Other random stuff on my mind...I need to consolidate my loans...ugh. Congratulations to Seaman Patricia Tracey! My thoughts on the weekend mirror my sister's almost exactly. I get to go home to Iowa tomorrow--yay! I miss driving and trains and my computer and figuring out what the heck I'm doing with my life. Yeah, never thought I'd say that, but not really being able to do anything about it here is driving me nuts. I'm ready to MAKE THINGS HAPPEN!! hahaha....what a dork I am. And now I'm hungry and we're watching Gilmore Girls and I should see if Beth needs anything...at least she wasn't sick a week ago when we were flying back.

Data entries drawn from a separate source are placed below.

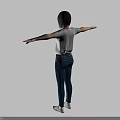 A Woman In White CELINE T shirt Blue Ripped Jeans And White Sneakers With Arms Stretched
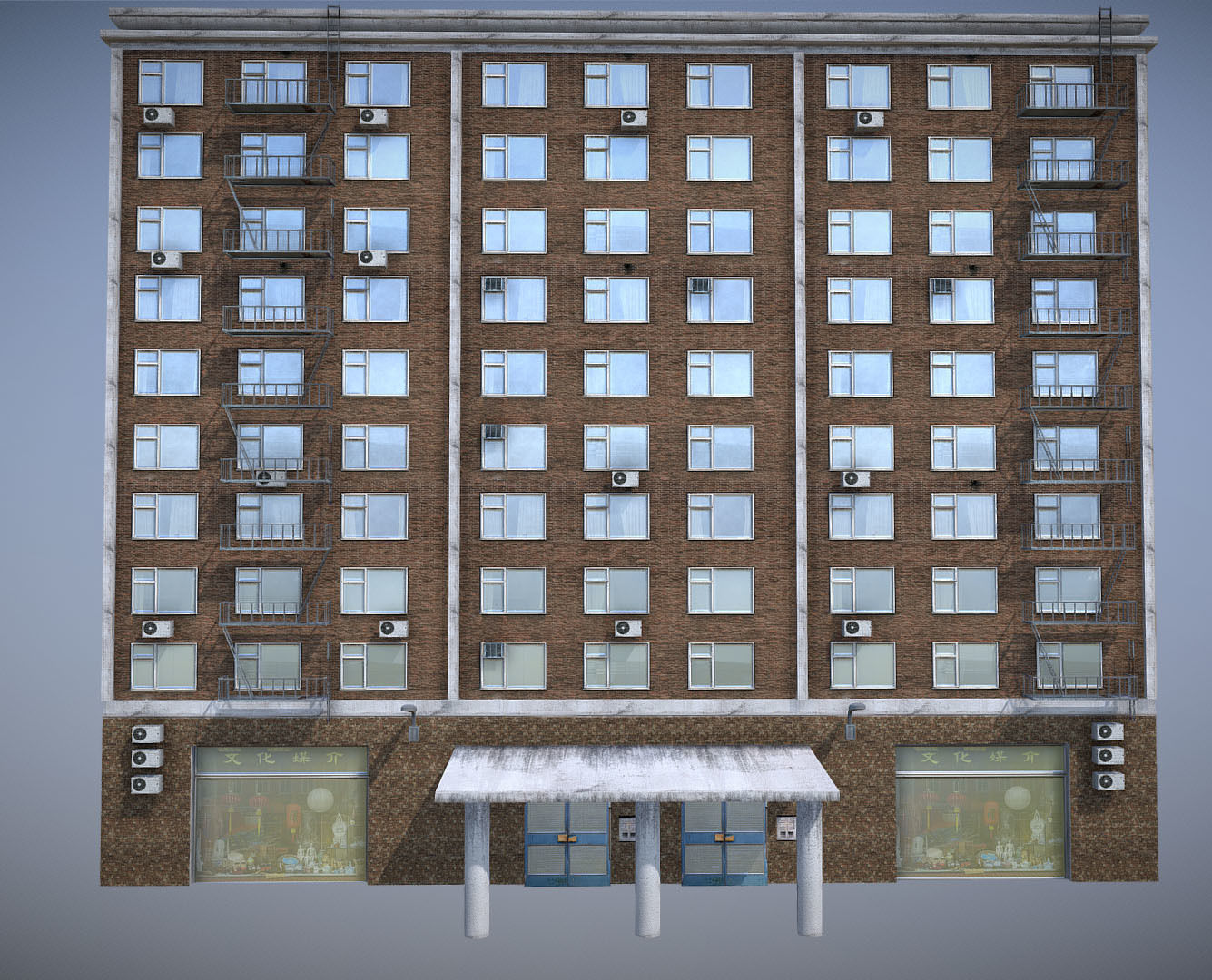 Modern Building 7 Low-poly 3D model_5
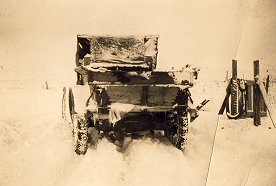 Old truck in the snow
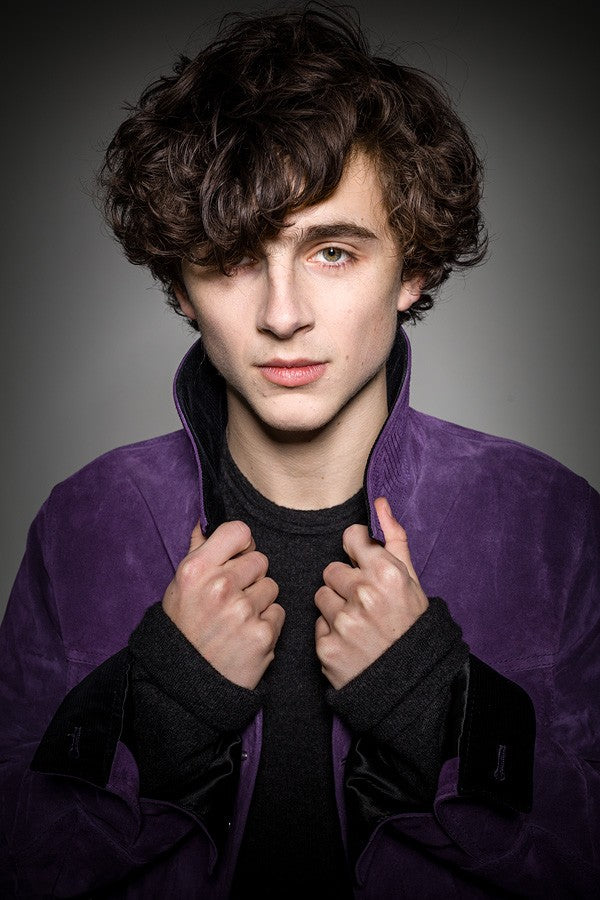 Timothée Chalamet Red Carpet Purple Suede Leather Jacket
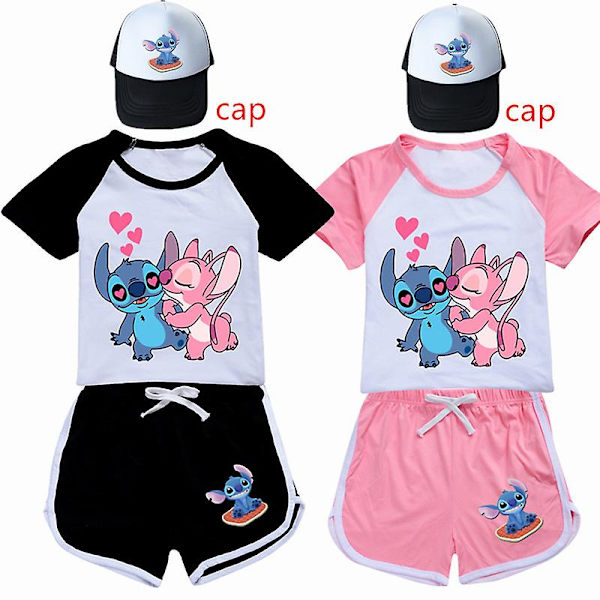 Lilo Ja Stitch Pyjamasetti Set Lasten Lyhythihainen T-paita Yöpuvut Pyjamat Sarjakuva Lilo Stitch Kids Cos Urheiluasut 4T(110) 2076black-cap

Oh yeah, and the weather has been absolutely amazing! It's 61 degrees right now! In the middle of August!! I do miss the severe weather that comes with the unbelievably hot and humid weather we normally enjoy this time of year. Speaking of which, I just found a whole bunch of new additions to my screen saver. They're stinkin' awesome. I hope I have some good pictures on my many rolls of film that I'm not looking forward to paying to get developed...wherever I decide to try. :-)




Tuesday, August 03, 2004

 

--"Yeah well, I don’t think the fries and the horseradish sauce was the best idea we ever had."
--"It was satisfying in the moment though."

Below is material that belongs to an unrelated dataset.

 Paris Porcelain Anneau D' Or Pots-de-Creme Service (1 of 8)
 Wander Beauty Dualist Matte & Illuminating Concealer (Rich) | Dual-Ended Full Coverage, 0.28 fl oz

Leftover onion rings at midnight=bad idea. :-P
Virginia Beach with a hurricane off the coast of North Carolina=very cool. :-D

[I will have to echo what Eric said several months ago about a quote such as above....it's scary some of the things people take the time to do and put up on the web, but at least it helps me have a correct and direct quote. ;-)]




Sunday, August 01, 2004

 

The big blue sky's like a swimming pool...Big fluffy clouds like a feather bed

Flying is every map/aerial photo junkie's heaven. I did not even think about that fact until we started flying over Lake Michigan. Our flight was about an hour and a half long but it only felt like about 20 minutes. I was mesmerized. Topping it all off were the clouds as we approached Reagan National Airport in Washington D.C., which not only looked awesome as we watched thunderstorms building (in the distance) from the air, but brought turbulence as we made our descent through layers upon layers of clouds. I'm sure a lot of people think I'm insane for liking that, but it was superfun and I wanna do it again! :-D

I love road trips, but I can definitely see why flying is a wonderful alternative and now do almost wonder if I should have looked into it as such when I was at Greenville.